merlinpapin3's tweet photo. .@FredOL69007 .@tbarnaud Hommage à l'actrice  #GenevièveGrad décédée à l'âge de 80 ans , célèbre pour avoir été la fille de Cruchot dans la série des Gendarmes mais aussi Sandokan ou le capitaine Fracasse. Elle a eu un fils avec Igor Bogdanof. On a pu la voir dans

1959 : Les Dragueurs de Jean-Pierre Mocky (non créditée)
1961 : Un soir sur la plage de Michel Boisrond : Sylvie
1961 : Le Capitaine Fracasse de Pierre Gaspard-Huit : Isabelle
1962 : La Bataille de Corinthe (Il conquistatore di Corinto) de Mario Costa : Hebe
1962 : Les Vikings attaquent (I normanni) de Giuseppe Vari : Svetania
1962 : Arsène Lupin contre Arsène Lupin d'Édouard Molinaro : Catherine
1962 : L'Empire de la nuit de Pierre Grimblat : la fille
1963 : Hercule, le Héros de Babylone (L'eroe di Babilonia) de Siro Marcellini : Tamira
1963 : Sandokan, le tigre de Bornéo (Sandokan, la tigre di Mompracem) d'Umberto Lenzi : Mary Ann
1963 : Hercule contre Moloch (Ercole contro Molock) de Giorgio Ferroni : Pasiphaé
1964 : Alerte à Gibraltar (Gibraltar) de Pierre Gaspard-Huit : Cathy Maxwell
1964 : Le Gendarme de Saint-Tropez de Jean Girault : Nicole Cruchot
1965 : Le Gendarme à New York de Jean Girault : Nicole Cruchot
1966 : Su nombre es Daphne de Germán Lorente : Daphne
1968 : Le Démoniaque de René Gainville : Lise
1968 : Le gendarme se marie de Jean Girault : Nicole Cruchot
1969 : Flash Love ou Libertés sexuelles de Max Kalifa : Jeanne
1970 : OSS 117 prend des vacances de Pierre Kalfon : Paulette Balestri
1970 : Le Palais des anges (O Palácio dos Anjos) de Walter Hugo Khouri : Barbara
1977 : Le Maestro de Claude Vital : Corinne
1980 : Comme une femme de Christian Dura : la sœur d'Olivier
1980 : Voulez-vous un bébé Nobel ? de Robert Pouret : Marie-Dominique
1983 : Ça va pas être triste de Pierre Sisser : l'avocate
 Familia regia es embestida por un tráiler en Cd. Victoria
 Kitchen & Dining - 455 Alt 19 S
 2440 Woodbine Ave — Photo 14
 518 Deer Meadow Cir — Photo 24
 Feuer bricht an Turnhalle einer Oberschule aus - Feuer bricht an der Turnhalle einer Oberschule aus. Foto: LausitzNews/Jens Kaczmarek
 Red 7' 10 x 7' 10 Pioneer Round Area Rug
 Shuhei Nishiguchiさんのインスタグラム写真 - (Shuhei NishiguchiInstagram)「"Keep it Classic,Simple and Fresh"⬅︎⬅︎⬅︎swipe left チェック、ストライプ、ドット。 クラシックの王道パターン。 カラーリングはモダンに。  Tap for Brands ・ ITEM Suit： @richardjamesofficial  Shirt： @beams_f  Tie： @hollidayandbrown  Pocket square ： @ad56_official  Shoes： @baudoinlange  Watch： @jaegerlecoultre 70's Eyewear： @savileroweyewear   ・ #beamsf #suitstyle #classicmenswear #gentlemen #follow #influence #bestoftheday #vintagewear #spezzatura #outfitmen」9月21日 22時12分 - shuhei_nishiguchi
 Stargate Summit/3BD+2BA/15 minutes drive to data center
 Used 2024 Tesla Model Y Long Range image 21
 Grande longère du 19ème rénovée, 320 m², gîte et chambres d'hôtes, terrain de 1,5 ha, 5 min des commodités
◆ ◆ ◆
> **EXERCISE**: Print again the lines of the entries above that fall between the line holding "Familia regia es" and the line holding "Red 7' 10 x 7' 10 Pioneer Round Area Rug", inclusive, exactly as they stand.

> **WRITTEN SOLUTION**:
 Familia regia es embestida por un tráiler en Cd. Victoria
 Kitchen & Dining - 455 Alt 19 S
 2440 Woodbine Ave — Photo 14
 518 Deer Meadow Cir — Photo 24
 Feuer bricht an Turnhalle einer Oberschule aus - Feuer bricht an der Turnhalle einer Oberschule aus. Foto: LausitzNews/Jens Kaczmarek
 Red 7' 10 x 7' 10 Pioneer Round Area Rug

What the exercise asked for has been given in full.